# Help with "Work Styles Questionnaire"



## Shenanigans (Mar 22, 2017)

Hi Guys,
Could someone explain the "Work Styles Questionnaire" part of the test?
This is the section where it asks you to rate yourself 1 through 5 (1-Strongly disagree, 2-Disagree, 3-Unsure, 4-Agree, 5-Strongly Agree).
I've heard there isn't exactly a right or wrong to this but rather that you're being scored on a pattern?
Some PO's i know said to stick with Strongly Disagree and Strongly Agree for each question...? 
I get that picking 3-Unsure probably isn't a great pick but can someone help me understand how this section of the test works?

Thanks in advance


----------



## Rogergoodwin (Feb 15, 2016)

You will get a certain percentage of a point based on your answer. Full credit is always strongly agree/disagree. The "right" answer will never be "unsure".


----------



## Shenanigans (Mar 22, 2017)

Rogergoodwin said:


> You will get a certain percentage of a point based on your answer. Full credit is always strongly agree/disagree. The "right" answer will never be "unsure".


Thank you


----------



## Rogergoodwin (Feb 15, 2016)

Shenanigans said:


> Thank you


No problem. Good luck!


----------



## Guest (Mar 26, 2017)

I've spoken to a family member who's a MSP trooper and he took the exam back in 02 or 03. He said in his "opinion" they're looking for balanced answers. That was his opinion and I kind of followed that advice when I took it yesterday. I looked at answering everything with Strongly Agree/Disagree as kind of too wide on the spectrum of things. Balance makes sense the more I think about it. They basically say in the packet and in the exam itself answer "Unsure" only if you are truly not sure. The answer is there to be selected. Albeit I don't think too many unsures is good either, I don't think saying unsure will screw you over though as long as you don't select it too much. This may just be me but I look at unsure as more of "depends" everything in context and some of the questions on the exam were very broad and definitely weren't something I could comfortably say Strongly Agree/Disagree with or even Agree/Disagree for that matter. Overall how many times did I say unsure? I'd guess between 3-5 times which I think is reasonable for a section that had 80 questions if I'm not mistaken

Just my two cents though who really knows how they grade these things. Even my family member of a trooper wasn't 100% sure. See me in 2 months and then we'll see I guess


----------



## Guest (Mar 26, 2017)

mtc said:


> Some of the most amazing people don't score well - but knowing them personally I know they'd be most awesome in the job.
> Other's I know scored very well - and have no business being on the job.
> 
> Answer the test honestly - is the best you can do.


100% agree


----------



## kenzo (Jan 16, 2014)

The Work Styles is based on a Likert scale. Per wiki, Likert scales are arbitrary. The value assigned to a Likert item has no objective numerical basis, either in terms of measure theory or scale. The value assigned to each Likert item is simply determined by the researcher designing the survey, who makes the decision based on a desired level of detail.

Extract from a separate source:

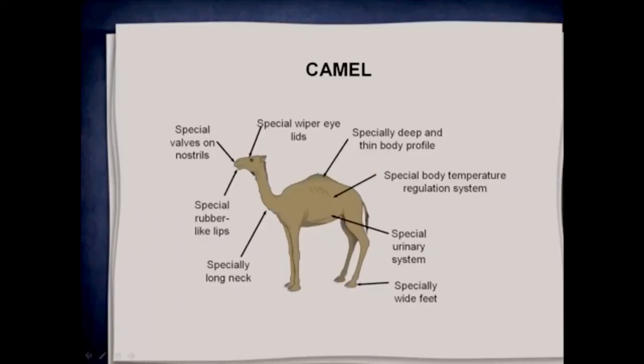There are lots of special creatures in the natural world. The camel is an incredible creature with lots of internal and external features that help it survive in deserts and very dry areas for walking on sand. It's just totally different to a horse.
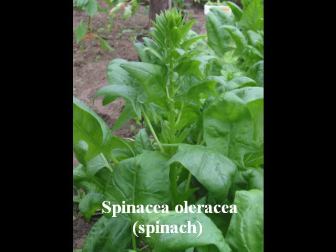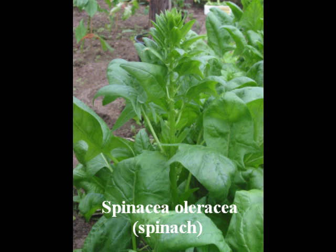Let's start by looking at provitamin A. Spinach is widely considered to be one of the better leaf sources of this vitamin, and its foliage contains 8,100 international units of provitamin A per 100 grams of leaves. If we just look to one of our common species, like the woolly violet, it contains 20,000 international units of provitamin A in its early season leaves for the same mass — approximately two and a half times the amount of provitamin A.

Basically, no one will really know how to answer for this section because its a scale that EB Jacobs created. Additionally, you might as well forget about this exam since scores won't come out until October/November.


----------



## Pvt. Cowboy (Jan 26, 2005)

jgraham11 said:


> I've spoken to a family member who's a MSP trooper and he took the exam back in 02 or 03. He said in his "opinion" they're looking for balanced answers. That was his opinion and I kind of followed that advice when I took it yesterday. I looked at answering everything with Strongly Agree/Disagree as kind of too wide on the spectrum of things. Balance makes sense the more I think about it. They basically say in the packet and in the exam itself answer "Unsure" only if you are truly not sure. The answer is there to be selected. Albeit I don't think too many unsures is good either, I don't think saying unsure will screw you over though as long as you don't select it too much. This may just be me but I look at unsure as more of "depends" everything in context and some of the questions on the exam were very broad and definitely weren't something I could comfortably say Strongly Agree/Disagree with or even Agree/Disagree for that matter. Overall how many times did I say unsure? I'd guess between 3-5 times which I think is reasonable for a section that had 80 questions if I'm not mistaken
> 
> Just my two cents though who really knows how they grade these things. Even my family member of a trooper wasn't 100% sure. See me in 2 months and then we'll see I guess


The '02 exam, vs the 2009, 2013, and 2017 exams, is like comparing apples to moon rocks. COMPLETELY different format.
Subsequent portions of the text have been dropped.